Entries shown:
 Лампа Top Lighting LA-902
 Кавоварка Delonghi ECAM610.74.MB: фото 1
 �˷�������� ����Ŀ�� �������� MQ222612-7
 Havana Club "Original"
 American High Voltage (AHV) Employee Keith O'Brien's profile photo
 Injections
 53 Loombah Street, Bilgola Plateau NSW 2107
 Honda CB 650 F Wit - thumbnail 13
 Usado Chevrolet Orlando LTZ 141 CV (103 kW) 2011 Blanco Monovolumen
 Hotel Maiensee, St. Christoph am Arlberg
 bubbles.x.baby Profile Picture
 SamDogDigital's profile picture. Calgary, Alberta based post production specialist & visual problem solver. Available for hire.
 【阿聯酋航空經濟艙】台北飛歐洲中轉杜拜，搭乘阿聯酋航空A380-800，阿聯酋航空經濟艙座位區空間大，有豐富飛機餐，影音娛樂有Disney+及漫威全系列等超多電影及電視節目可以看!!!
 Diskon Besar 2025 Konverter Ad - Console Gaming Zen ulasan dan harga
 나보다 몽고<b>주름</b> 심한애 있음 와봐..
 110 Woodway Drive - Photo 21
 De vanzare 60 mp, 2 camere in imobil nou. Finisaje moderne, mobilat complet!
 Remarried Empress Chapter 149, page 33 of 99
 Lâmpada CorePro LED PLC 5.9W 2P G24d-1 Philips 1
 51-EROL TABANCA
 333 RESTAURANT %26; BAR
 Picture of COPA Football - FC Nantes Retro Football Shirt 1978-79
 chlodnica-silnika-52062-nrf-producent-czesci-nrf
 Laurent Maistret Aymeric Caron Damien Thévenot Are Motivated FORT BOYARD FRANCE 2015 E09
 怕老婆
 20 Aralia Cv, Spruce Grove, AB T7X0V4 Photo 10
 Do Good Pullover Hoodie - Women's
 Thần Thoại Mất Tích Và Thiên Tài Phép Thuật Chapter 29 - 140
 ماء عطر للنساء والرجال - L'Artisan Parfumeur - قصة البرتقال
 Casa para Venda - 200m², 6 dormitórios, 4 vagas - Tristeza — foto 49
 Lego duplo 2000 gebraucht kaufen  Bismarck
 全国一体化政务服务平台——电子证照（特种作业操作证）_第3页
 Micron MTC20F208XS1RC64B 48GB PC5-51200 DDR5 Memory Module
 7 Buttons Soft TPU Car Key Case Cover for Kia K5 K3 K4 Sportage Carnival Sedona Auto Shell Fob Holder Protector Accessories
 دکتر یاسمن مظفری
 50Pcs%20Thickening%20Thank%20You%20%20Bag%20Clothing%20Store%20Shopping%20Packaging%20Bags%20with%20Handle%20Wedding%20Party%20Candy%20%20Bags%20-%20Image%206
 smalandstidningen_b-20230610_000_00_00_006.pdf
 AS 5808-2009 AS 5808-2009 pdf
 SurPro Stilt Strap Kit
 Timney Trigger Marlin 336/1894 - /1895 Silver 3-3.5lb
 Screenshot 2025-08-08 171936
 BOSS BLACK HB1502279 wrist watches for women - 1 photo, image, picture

Brief:
Please repeat each entry. Keep every word the same.

Expected answer:
 Лампа Top Lighting LA-902
 Кавоварка Delonghi ECAM610.74.MB: фото 1
 �˷�������� ����Ŀ�� �������� MQ222612-7
 Havana Club "Original"
 American High Voltage (AHV) Employee Keith O'Brien's profile photo
 Injections
 53 Loombah Street, Bilgola Plateau NSW 2107
 Honda CB 650 F Wit - thumbnail 13
 Usado Chevrolet Orlando LTZ 141 CV (103 kW) 2011 Blanco Monovolumen
 Hotel Maiensee, St. Christoph am Arlberg
 bubbles.x.baby Profile Picture
 SamDogDigital's profile picture. Calgary, Alberta based post production specialist & visual problem solver. Available for hire.
 【阿聯酋航空經濟艙】台北飛歐洲中轉杜拜，搭乘阿聯酋航空A380-800，阿聯酋航空經濟艙座位區空間大，有豐富飛機餐，影音娛樂有Disney+及漫威全系列等超多電影及電視節目可以看!!!
 Diskon Besar 2025 Konverter Ad - Console Gaming Zen ulasan dan harga
 나보다 몽고<b>주름</b> 심한애 있음 와봐..
 110 Woodway Drive - Photo 21
 De vanzare 60 mp, 2 camere in imobil nou. Finisaje moderne, mobilat complet!
 Remarried Empress Chapter 149, page 33 of 99
 Lâmpada CorePro LED PLC 5.9W 2P G24d-1 Philips 1
 51-EROL TABANCA
 333 RESTAURANT %26; BAR
 Picture of COPA Football - FC Nantes Retro Football Shirt 1978-79
 chlodnica-silnika-52062-nrf-producent-czesci-nrf
 Laurent Maistret Aymeric Caron Damien Thévenot Are Motivated FORT BOYARD FRANCE 2015 E09
 怕老婆
 20 Aralia Cv, Spruce Grove, AB T7X0V4 Photo 10
 Do Good Pullover Hoodie - Women's
 Thần Thoại Mất Tích Và Thiên Tài Phép Thuật Chapter 29 - 140
 ماء عطر للنساء والرجال - L'Artisan Parfumeur - قصة البرتقال
 Casa para Venda - 200m², 6 dormitórios, 4 vagas - Tristeza — foto 49
 Lego duplo 2000 gebraucht kaufen  Bismarck
 全国一体化政务服务平台——电子证照（特种作业操作证）_第3页
 Micron MTC20F208XS1RC64B 48GB PC5-51200 DDR5 Memory Module
 7 Buttons Soft TPU Car Key Case Cover for Kia K5 K3 K4 Sportage Carnival Sedona Auto Shell Fob Holder Protector Accessories
 دکتر یاسمن مظفری
 50Pcs%20Thickening%20Thank%20You%20%20Bag%20Clothing%20Store%20Shopping%20Packaging%20Bags%20with%20Handle%20Wedding%20Party%20Candy%20%20Bags%20-%20Image%206
 smalandstidningen_b-20230610_000_00_00_006.pdf
 AS 5808-2009 AS 5808-2009 pdf
 SurPro Stilt Strap Kit
 Timney Trigger Marlin 336/1894 - /1895 Silver 3-3.5lb
 Screenshot 2025-08-08 171936
 BOSS BLACK HB1502279 wrist watches for women - 1 photo, image, picture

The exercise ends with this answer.